After the classification scheme is identified, the organization must create the criteria for setting the classification. No established guidelines exist for setting the requirements, but some considerations are as follows:

  • Who should be able to access or maintain the data?
  • Which laws, regulations, directives, or liability might be required in protecting the data?
  • For government organizations, what would the effect on national security be if the data were disclosed?
  • For non-government organizations, what would the level of damage be if the data was disclosed or corrupted?
  • Where is the data to be stored?
  • What is the value or usefulness of the data?

And the final step would be “How do we Implement this”? Refer to the below steps to implement Data classification in your organisation.
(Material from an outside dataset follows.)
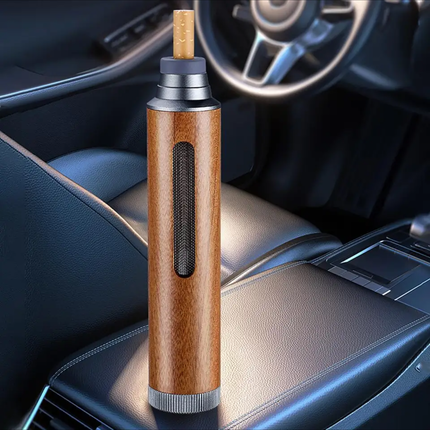 Wooden Car Ashtray Durable Cigarette Holder for Outdoor Bars, Cars and Hotels Dimensions 133x28mm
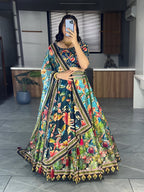 Lehenga Mart Exclusive Printed lehenga Choli for Wedding Wear - Bottle Green | Grocsy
Data Classification Procedures

  1. Identify Data custodian responsible for maintaining data and its security level and define responsibilities
  2. Specify the criteria of how the information will be classified and labelled.
  3. Specific the owner set of the classification
  4. Document exceptions
  5. Select the security controls that will be applied to each classification level.
  6. Procedures to declassifying the data
  7. Create Security awareness program

Case Study:

Data that is top secret includes weapon blueprints, technology specifications, spy satellite information, and other military information that could gravely damage national security if disclosed. Data that is secret includes deployment plans, missile placement, and other information that could seriously damage national security if disclosed. Data that is confidential includes strength of forces in the United States and overseas, technical information used for training and maintenance, and other information that could seriously affect the government if unauthorized disclosure occurred. Data that is sensitive but unclassified includes medical or other personal data that might not cause serious damage to national security if disclosed but could cause citizens to question the reputation of the government. Military and government information that does not fall into any of the four other categories is considered unclassified and usually has to be granted to the public based on the Freedom of Information Act.